The relationship that Tony Judt had with Said is also symbolically significant and illustrates Edward Said’s ability to open up and engage in dialogue with individuals who were initially quite distant from him. Judt was a New York-based Jewish social-liberal intellectual, but in 1967, he had interrupted his studies at Oxford and at the École Normale Supérieure to serve as a translator in the Israeli army due to his fervent Zionism. However, by a strange twist of history, it was on the very day of Said’s death that the New York Review of Books published an article titled “Israel: The alternative,” in which Judt advocated for the idea of a binational state, aligning himself with the position of someone who had become close. In a certain way, this illustrated Said’s ability to persuade others without getting locked into pre-established ideologies or systems of thought while also never deviating from his main principles.
DE: I greatly appreciate the notion of openness that Karim Bitar just mentioned. It’s one of the reasons why Edward Said’s thinking is so difficult for his detractors to reduce or even “pin down,” as well as challenging for many of his disciples to follow in its nuanced spectrum. He occupied a space where intransigence was never synonymous with confinement. On the contrary, he stood firm to make progress. He didn't resort to dogmatism or sentimentality. His refusals were not outright rejections; they were positions based on the simultaneous consideration of realities and principles. It was the combination of his academic prowess and immense personal courage that allowed his thinking to challenge the mode of representation of the Orient based on the fantasies — or desires for domination — of the West.

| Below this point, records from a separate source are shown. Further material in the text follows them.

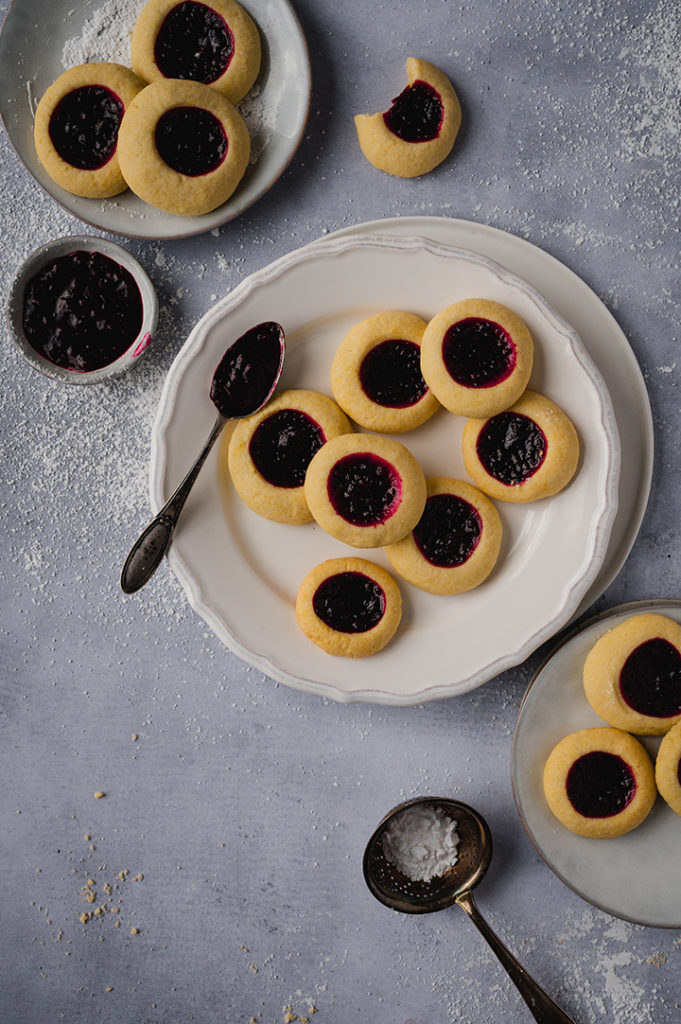 Die Plätzchen, die mit 2 Eigelb gebacken sind, stehen auf einem Tisch.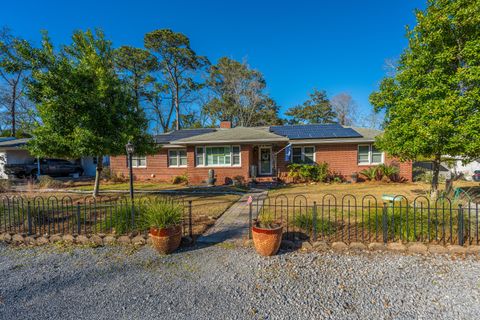 Photo of 1240 Kensington Drive, Charleston, SC 29407 (MLS # 26001056)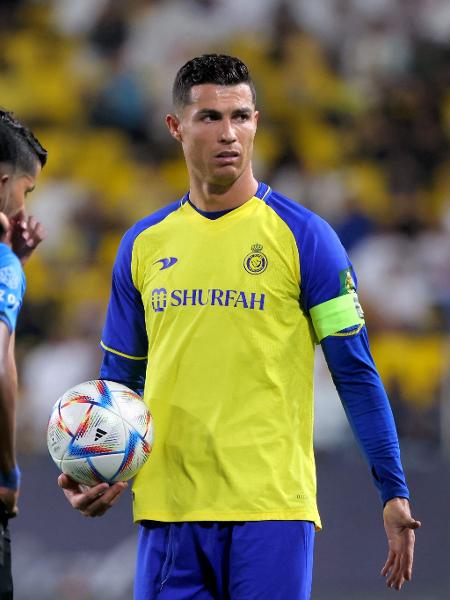 Cristiano Ronaldo durante partida entre Al Nassr e Abha. - FAYEZ NURELDINE/AFP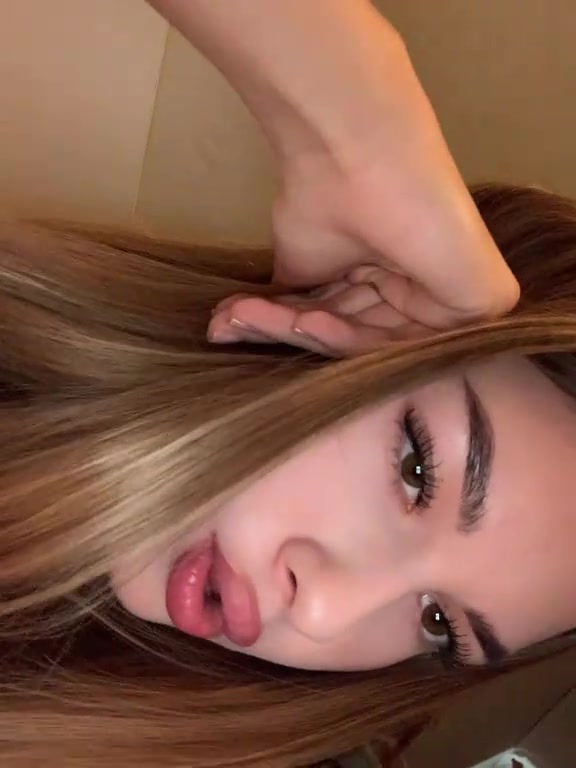 @Violetta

One can understand that when dealing with such a substantial issue, shaking so many received ideas, he may have initially done so with a certain degree of aggressiveness, without necessarily incorporating all the nuances that would be found in his later works.
When, in Culture and Imperialism (1993), he embraces the quote from Walter Benjamin, “There is no document of civilization which is not at the same time a document of barbarism,” he sets the tone and modus operandi for his entire thinking, which is one of constant counterpoint. This means never thinking of one thing without its opposite, much like in music, in a Bach fugue. This is how Said should be understood, and perhaps this is why, in my opinion, there are no “Saidians” in the same way there are “Derrideans”” or “Bourdieusians”. He emphasized the movement and plasticity of critical thinking more than any specific concept. This movement is reflected in his praise of impurity and hybridity on one hand, and the principle of equality among races, individuals and cultures on the other. He often said, “I am not a militant; I am a man of commitment.” This was his way of keeping doors open which would allow for new variations and discoveries, much like in music.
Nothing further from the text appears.